An
interesting topic worth to discuss is how to test a speech-to-text (STT) system
like Siri, Alexa. From this discussion I hope to let the major problem in traditional
software testing practice be surfaced.
Imagine
we are trying to design a test case for a STT system, first we get a sound clip
and transcribe it manually; after that we test the STT system with the sound
clip as input; finally we check whether the output text is expected or not.

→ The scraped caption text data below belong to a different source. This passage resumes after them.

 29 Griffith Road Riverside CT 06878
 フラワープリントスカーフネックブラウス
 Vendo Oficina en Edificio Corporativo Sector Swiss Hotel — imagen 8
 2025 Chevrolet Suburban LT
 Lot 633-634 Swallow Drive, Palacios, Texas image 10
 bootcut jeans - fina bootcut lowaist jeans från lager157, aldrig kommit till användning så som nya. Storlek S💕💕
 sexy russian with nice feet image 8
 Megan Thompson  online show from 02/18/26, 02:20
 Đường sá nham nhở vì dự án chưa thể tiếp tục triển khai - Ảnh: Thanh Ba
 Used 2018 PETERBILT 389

However this kind of testing method is totally useless because the range of
human speech is enormous. If we want to check 10000 sound clips, basically it
is impossible for us to transcribe them manually. Academically speaking, it is hard
to create manual oracles in practice.
How
to increase the range we can test with little human effort? The answer is
changing the test method to those methods which do not depend on checking what the
output is. The most promising method of them is metamorphic testing. It can
test in large input range automatically. For example, we set up 10000 sound
clips to be transcribed by the STT system, then we change these sound clips in
different ways, such as adding background noises, changing the tempo or volume
or pitch, changing the compressed format, etc. We can define the metamorphic
relation that the output text of testing for the original input should be the same
as that for changed input. If the STT cannot hold this, there must be defects in
it.
Totally,
metamorphic testing defeats the traditional testing method in the cost aspect. Besides,
extending the testing range of input is the most valuable thing. This is really,
really big.